He resumed his film making career in 1942 by signing a long term contract with Paramount Pictures and went on to become one of the leading directors for the studio.
He began his tenure at Paramount by directing the patriotic film ‘Wake Island’ (1942), which earned him an Oscar nomination. It was his biggest hit and the success of the film led him to make several other World War II movies such as ‘Commandos Strike at Dawn’ (1942), ‘China’ (1943), ‘The Hitler Gang’ (1944), ‘You Came Along (1945)’, etc.
These were followed by an adventure film ‘Two Years before the Mast’ (1946) and a western ‘California’ (1947). He also directed ‘Easy Come, Easy Go’, ‘Blaze of Noon’, and crime drama ‘Calcutta’, all in 1947.
The following year in 1948, he produced and directed the classic film noir ‘The Big Clock’, an adaptation of Kenneth Fearing’s novel. He also directed ‘Beyond Glory’ and ‘Night Has a Thousand Eyes’ in 1948. His last film of the decade was ‘Alias Nick Beal’ and the comedy ‘Red, Hot and Blue’.
In 1950, he directed ‘Copper Canyon’ and ‘Where Danger Lives’. The following year he made ‘His Kind of Woman’ and ‘Submarine Command’. Films like ‘Ride, Vaquero!’, ‘Plunder of the Sun’, ‘Botany Bay’ were made in 1953.
In 1953 he also directed ‘Hondo’, which was shot in 3-D. ‘A Bullet is Waiting’ (1954) and ‘The Sea Chase’ (1955) followed next.
In 1956, he took time off to co-script the adventure-comedy ‘Around the World in 80 Days’, which won him his only Oscar. His last few films failed to create an impact. He remade ‘Five Came Back’ as ‘Back from Eternity’ in 1956 and directed ‘The Unholy Wife’ in 1957 followed by ‘John Paul Jones’ in 1959, which was his last film before retirement.
Awards & Achievements
Farrow was honoured with several decorations and awards throughout his lifetime. Starting in 1937, he received the Knight Grand Cross of the Order of the Holy Sepulchre by Pope Pius XI.
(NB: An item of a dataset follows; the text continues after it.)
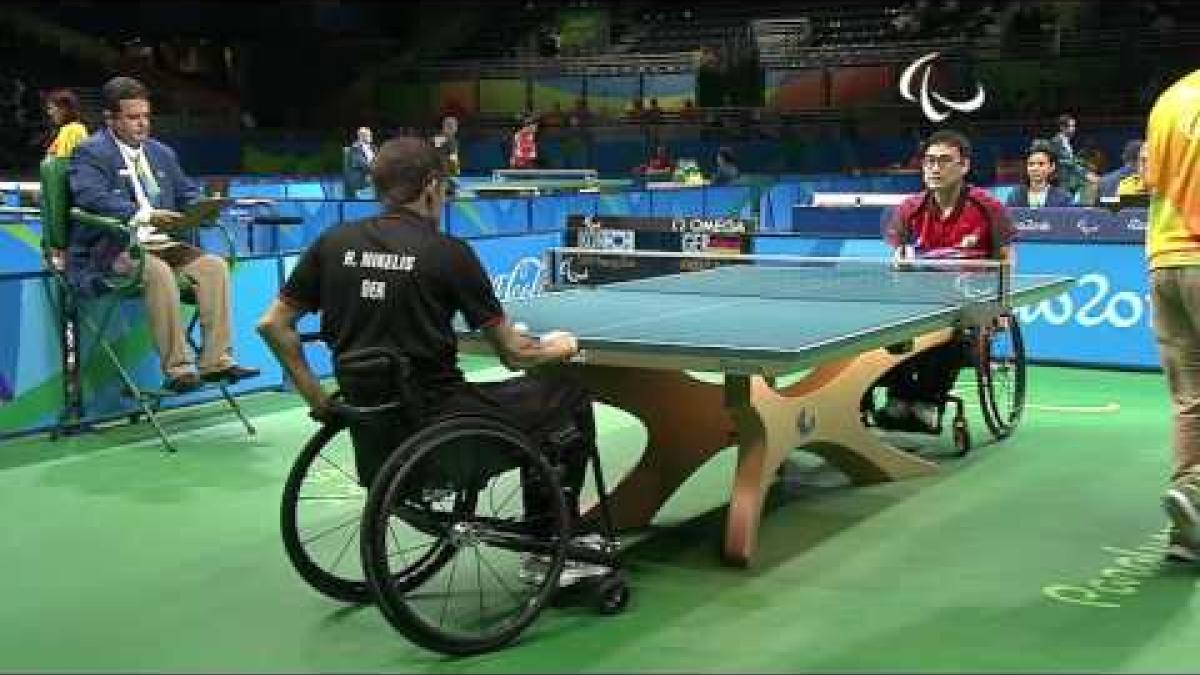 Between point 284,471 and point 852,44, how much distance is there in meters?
22.0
His film ‘Wake Island’ (1942) was a huge success. He won the New York Critics Award for Best Direction and was also received Academy Awards nomination in Best Director category.
In 1951, he received the Order of St John of Jerusalem and in 1953 he became Honorary Commander of the Order of the British Empire (CBE).
In 1957, he won the prestigious Academy Award and the Writers Guild of America Award for Best Screenplay (adapted) for ‘Around the World in Eighty Days’.
He has a Star on the Hollywood Walk of Fame at 6304 Hollywood Blvd.
Personal Life & Legacy
Farrow got married twice. First, he married Felice Lewin in 1924 and had a daughter with her the following year. The couple eventually got divorced in 1934.
In 1934, he got engaged to actress Maureen O'Sullivan. The couple married on 12 September, 1936 after he converted to Catholicism. He became an American citizen in July 1947.
With Maureen, he had seven children; four daughters, who grew up to become celebrated actresses, Mia (born 1945), Prudence (born 1948), Stephanie (born 1949), Tisa (born 1951); and three sons, Michael Damien (1939–1958), Patrick Joseph (1942–2009), and John Charles (born 1946).
He died on 27 January, 1963 from a heart attack in Beverly Hills, California. He was buried at the Holy Cross Cemetery, Culver City.